Two threads merged into a single wave of online wariness. One was the claim — amplified from overseas reporting, including a UK case in which a Chinese national was jailed for life for drugging victims and planting hidden cameras — that such crimes tied to China are widespread and drawing global scrutiny. The other was a concrete domestic incident: a Chinese tourist who boarded the wrong Kintetsu limited express was allowed to wait in the off-limits crew compartment, where they touched operating equipment, prompting the railway to call it dangerous. With inbound tourism at record highs, the two stories fused into anxieties about manners, safety and crime. Fact-checkers flag that the original framing overreaches: a single overseas conviction, broad claims about crime inside China, and one railway lapse are distinct, and bundling them risks tarring Chinese visitors as a group — so the reactions below should be read as netizen sentiment, not verified fact.

Key Reaction Themes

  • Wariness and "keep your distance" — Alarm at the drugging-and-filming reports, voiced as a warning to keep women and children away, mixed with disgust at the alleged scale.
  • Skepticism and proportion — A counter-current questioning the unverified footage and noting that a UK arrest, not "all of China," is what is actually documented.
  • Sympathy for the conductor, blame for the lapse — On the train case, sympathy that a kind conductor may be punished, alongside calls to stop letting passengers into the cab and worries about safety and copycats.

What Japanese Netizens Are Saying

China drugging-rape and toilet-voyeurism videos draw scrutiny

Reactions to reports that drugging-rape and hidden-camera toilet videos tied to China are spreading and being flagged internationally.

Comments:

  • "They really do reach for drugs straight away, so keep women and children away from them."
  • "Really, they cause trouble all over the world."
  • "So they really were the supply source for fentanyl, huh."
  • "No wonder nobody will travel to China anymore."
  • "From the footage alone the truth is unclear — we need more evidence."
  • "Honestly, what's even fun about it with a woman who's knocked out? There's nothing enjoyable about it."
  • "Well, it's basically leaving crime unchecked to distract from discontent with the government."
  • "Someone got arrested in Britain for this, didn't they."
  • "And this in a country where, if you got caught for rape, you'd likely face the death penalty more readily than in Japan."

A Chinese tourist touches the controls in a Kintetsu crew cab

Reactions to a Chinese tourist who boarded the wrong express being let wait in the off-limits crew cab and touching operating equipment.

Comments:

  • "It's a shame if the kind conductor ends up being penalized."
  • "It's because they keep doing stuff like this that Chinese people get disliked — and now the manuals just keep growing."
  • "It's not that Chinese people are inherently bad, though."
  • "Why let them into the crew cab?
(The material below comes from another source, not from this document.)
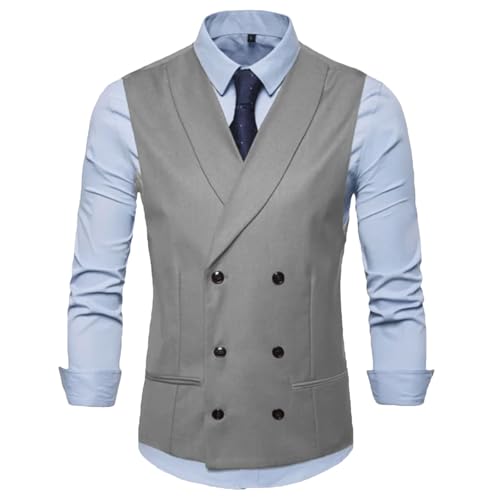 Men's Dress Vest Solid Color Double Button Business Slim Fit Waistcoat for Wedding Banquet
Just make them stand in the vestibule."
  • "If it's like this, can't you commit terrorism freely?"
  • "This is what happens when you offer Chinese visitors unnecessary service."
  • "Maybe they just got carried away, finally getting to ride the Japanese train they admired."
  • "I bet Chinese people will start abusing this as a 'life hack' to force an express to stop at a station it doesn't serve."
  • "There's no way it was an honest mix-up."